§ **What to do**:
Begin the copy at the line containing "Plate | CASEIH | US | EN" and end it at the final line of the material below, reproducing each line exactly, without images.

Top of Data shown

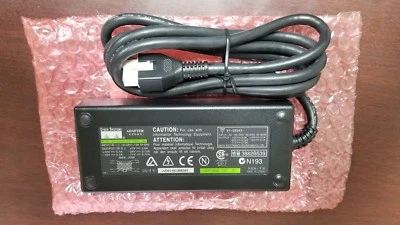 Cisco PWR-820-WW2=  (34-0949-03) Power Supply New! - Image 1 of 2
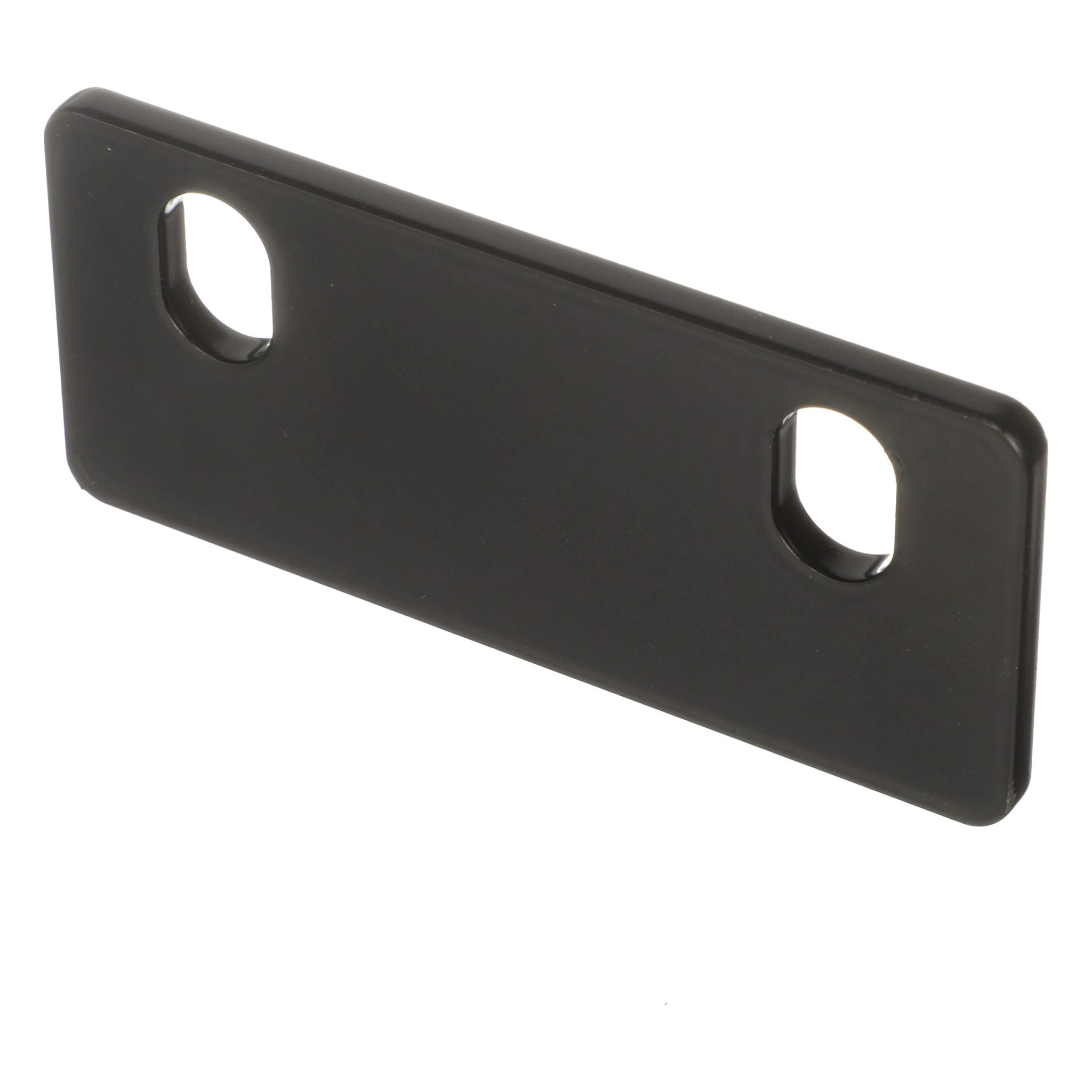 Plate | CASEIH | US | EN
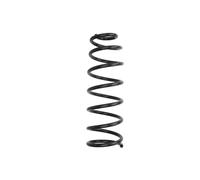 Ressort de suspension Lesjöfors 4215608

Bottom of Data shown

§ **Output for this exercise**:
 Plate | CASEIH | US | EN
 Ressort de suspension Lesjöfors 4215608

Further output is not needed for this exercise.